1970, bei der Premiere in einem Wäldchen am Werth’schen Hof, fing alles recht klein an. 800 zahlende Zuschauer kamen damals zusammen. Für zwei Mark gab es außer zwei DJs die Gruppen „El Shalom“, „Burning Desire“, „Centurys before“ oder „We“, allesamt Lokalmatadoren, zu hören. Bei einer Modenschau wurde die „Miss Summertime“ gewählt. Es folgten „Anything“, „Fire Experience“, „Drive mad four“ und der Liedermacher Wolfgang Geißler, alle aus Rheinhausen.
Drei Mark für den Eintritt
Ein Jahr später gelang es schon teilweise, bekanntere Bands zu verpflichten: 2000 Besucher genossen für drei Mark neben „Centurys before“, „Electric War“, „We“, „Burning Desire“ und „Greenlight Sounds“ auch „Status Quo“. Mitveranstalter Wolfang Faber: „Das war ein Hammer, da kam ein ganz anderer Sound rüber“. Nebenbei gab es auch noch einen Rekordversuch.

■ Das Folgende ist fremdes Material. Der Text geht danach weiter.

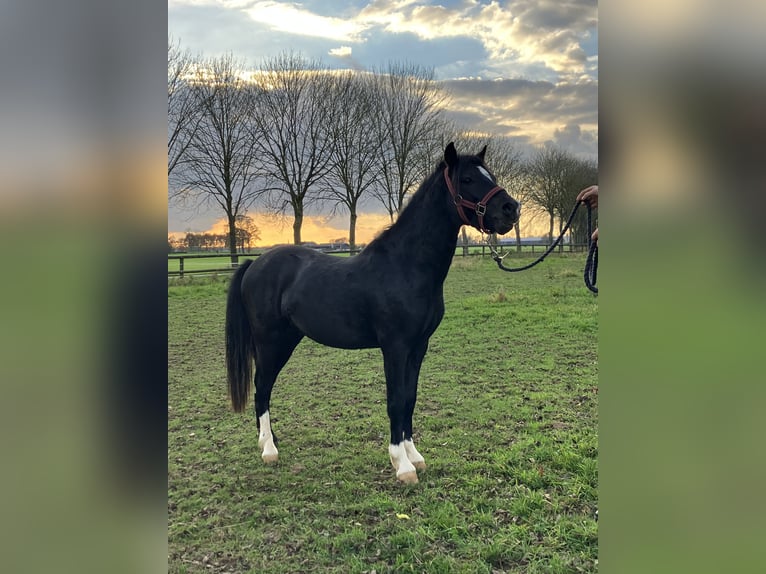 Welsh-A Hengst 2 Jaar 110 cm Zwart in Baak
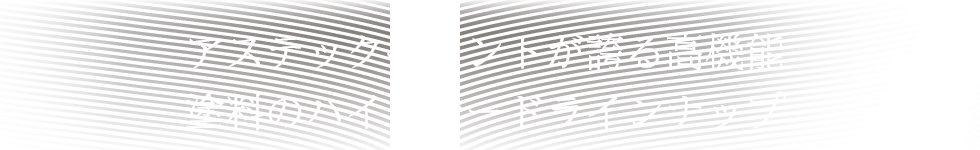 アステックペイントが誇る⾼機能塗料のハイグレードラインナップ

Wie viel Personen können in und auf einem uralten Käfer fahren? Die Antwort damals: 84. Weil der Wagen dementsprechend demoliert aussah, zerlegte man ihn mit einem Vorschlaghammer.
Im dritten Jahr des Festivals, 1972, rockten schon 2500 Fans hinterm Bauernhof ab. Für immer noch günstige fünf Mark gab es neben „El Shalom“ und „Electric War“ auch „Narkose“, „Sidiana“, „Trash“, „Floh de Cologne“ sowie mit „Livin Blues“ und „Earth and Fire“ auch zwei der bekanntesten und besten Bands aus Holland in Friemersheim zu sehen. Von den Niederländern waren alle begeistert, doch die Stars von Status Quo enttäuschten: „Die Briten stellten nur ihre neue LP vor. Ihre alten Hits haben wir vermisst“, erzählt Faber. Dafür fuhren die Rocker mit ihrem rosa-roten Bentley auf der Wiese am Werth’schen Hof vor.
Keine Zeit für die Scorpions
1973 zog das „Mai Out“ auf ein Kornfeld direkt am Rhein um. Zudem lieferten die Bayerwerke Uerdingen, zu denen die clevere Basisgruppe einen guten Kontakt hatte, ab diesem Jahr kostenlos die 120 Quadratmeter Tribüne und die Toilettenwagen. Die Generatoren eines Pionierbataillons der Bundeswehr und der Feuerwehr sorgten für Strom. Rund 1200 Besucher zahlten acht Mark Eintritt für sieben Bands: „Wollasch’s Blues Band“, „Schmackes Brass Band“, „Johnny King Size Russell“, „Oscar Benton“, „Franz K.“, „Supersister“ und „If“. Der Top-Act „Ufo“ fiel aus.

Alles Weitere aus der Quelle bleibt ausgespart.